Fascinating places, cemeteries, always with a story to spark your interest, an oddity, a connection or sometimes a wry memorandum to the living.

A trip to Edinburgh to collect my rebound copy of my predecessor’s  local history  ( Blog 27 Jan 2014)  gave me an opportunity to wander about in St Cuthberts Churchyard where the great and the good of Auld Reekie were laid to rest  including George Kemp, designer of the Scott Monument. His Neo-Gothic rocket ship on Princes Street is in a better state than his algae green tombstone.

Kemp's headstone

The stones  speak of desperate efforts to claim a place for posterity, detailing the merits and successes of the departed  There are surgeons and physicians; businessmen and merchants of every trade, bookseller, engraver, ironmonger, iron founder, baker; army officers from the days of empire and their deaths in far off outposts; and ministers of religion whose tombs are amongst the biggest with the most effusive eulogies carved thereon, their desire for immortality on this earthly plane outweighing the risks of condemnation for the sins of pride and vanity.

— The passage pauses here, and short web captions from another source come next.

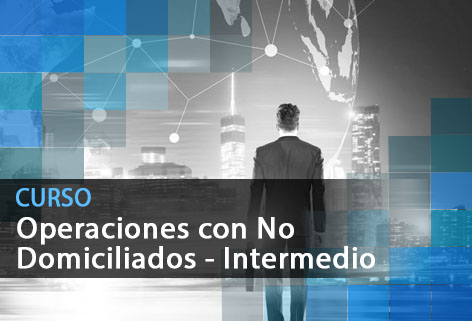 Operaciones con No Domiciliados - Intermedio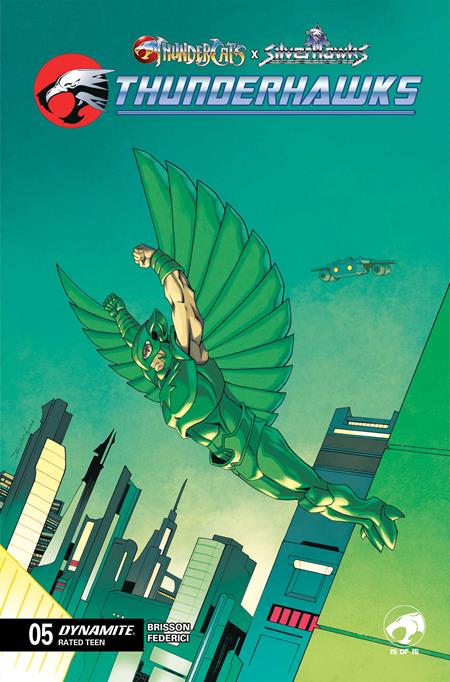 Thundercats X Silverhawks Thunderhawks - Comics - Image - Pop Weasel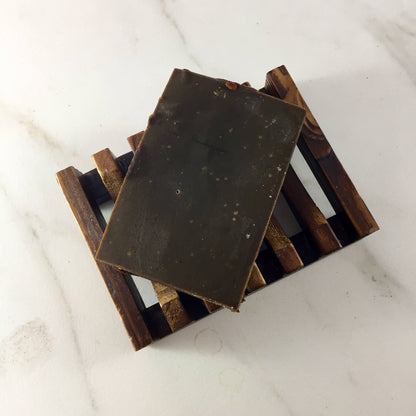 Shampoo Bar / Organic Shampoo Bar / Organic Chocolate Soap by Butter Me Up Organics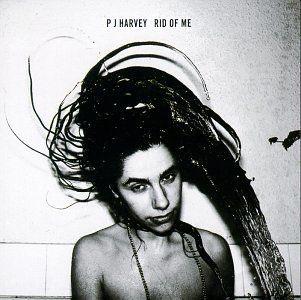 Portada de Álbum "Rid of Me", de PJ Harvey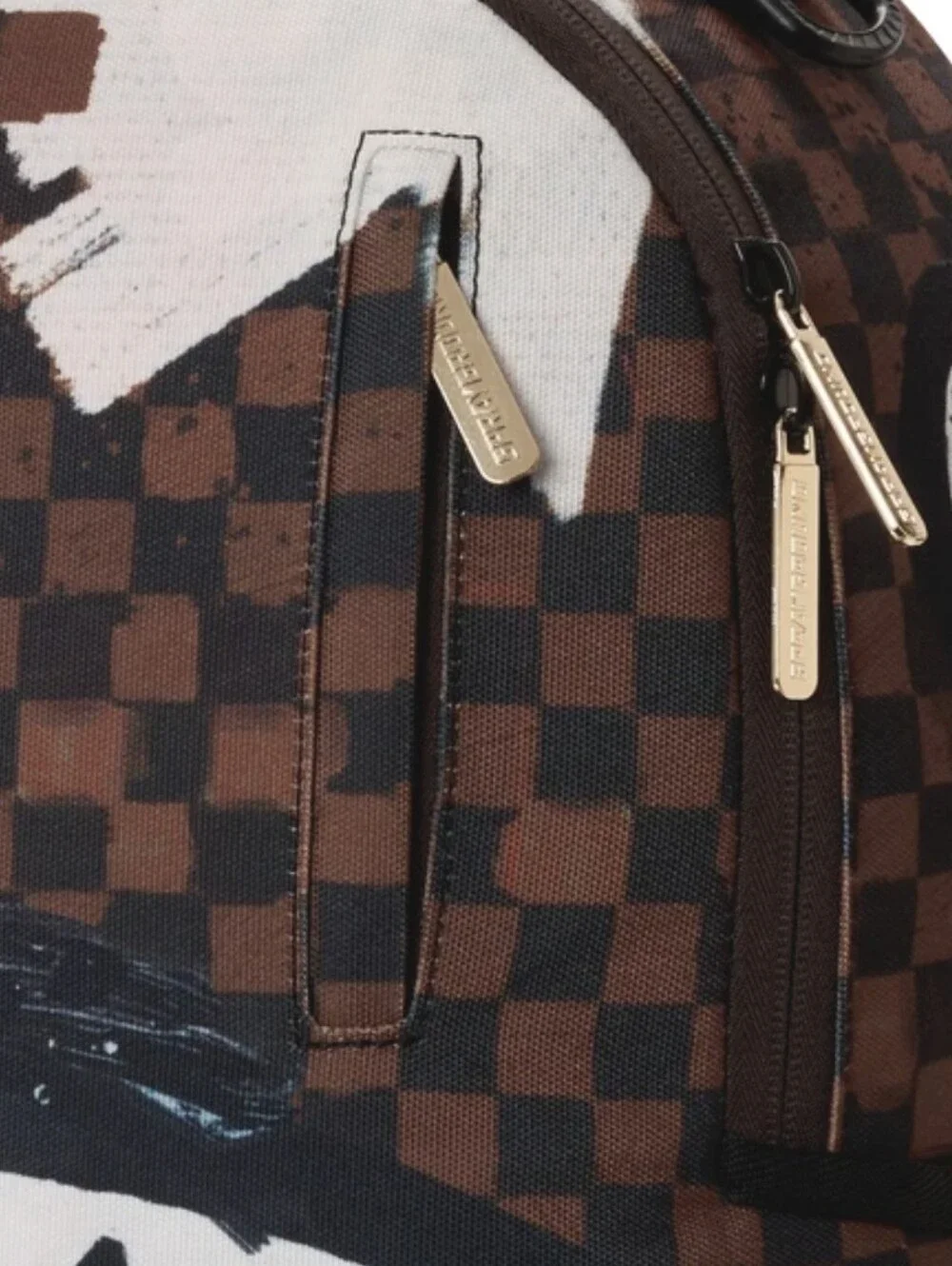 Sprayground Sharks In Paris Gallery Edition Backpack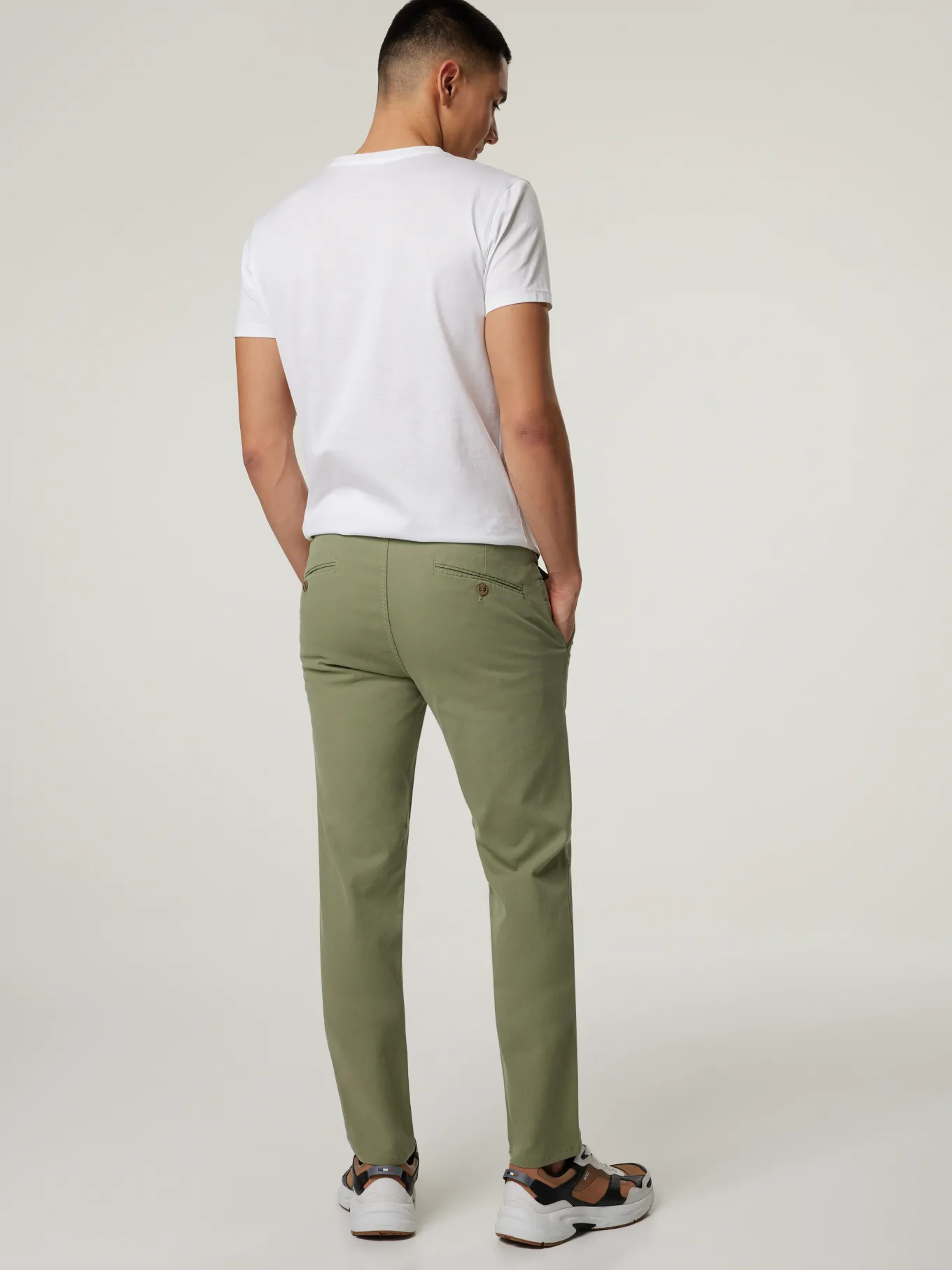 Chino im Slim Fit TEAKER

Soot-blackened, moss-covered and algae-stained, ignored and forgotten, the stones are a testimony to the often futile desire to be remembered.


Can storied urn or animated bust
 Back to its mansion call the fleeting breath
Can honour’s voice provoke the silent dust
 Or flattery soothe the dull cold ear of death

 Amongst all this self-aggrandisement is one stone detailing only the birthplace and date of death of St Cuthberts most noted inhabitant. 

A man confident in his own abilities in life, he has nothing on his gravestone to trumpet his achievements.



Thomas Penson De Quincy, writer, essayist, journalist, philosopher, translator, classicist- at fifteen, his schoolmaster said of him “that boy could harangue an Athenian mob better than I could address an English one” - and original exponent of what might be called addiction literature. He was a friend, and occasional critic of, Wordsworth, Coleridge, another opium user, and Lamb
His Confessions of an English Opium Eater has never been out of print.
His essays are still immensely readable. The most well known are
 On the Knocking at the Gate in Macbeth
On Murder Considered as One of the Fine Arts
Suspiria de Profundis

 Novels, stories, reminisences, journalism, treatises, all flowed from his pen
 His passing remarks on politicians, economists, Ireland,  Lake district visitors, and suicide have a bite of truth.

His friendship with John Wilson (“Christopher North”) whom he met at Oxford, brought him to the Edinburgh literary scene where he met James Hogg and, eventually, Thomas Carlyle.  He moved to Edinburgh but his chaotic finances caused him to seek debtors sanctuary in HolyRood Park.
 In the last years of his life, his finances improved and his collected works were published in America.
 He immediately influenced  Poe, Baudelaire and Gogol and later, writers such as Aldous Huxley and William Burroughs.  George Luis Borges claimed to have been influenced by his work
Berlioz’s Symphonie Fantastique owes much to the Confessions of an Opium Eater

His headstone simply gives the date and place of his and his wife’s birth and death, nothing else.
 His writings stand on their own merits, the perfect  memorial.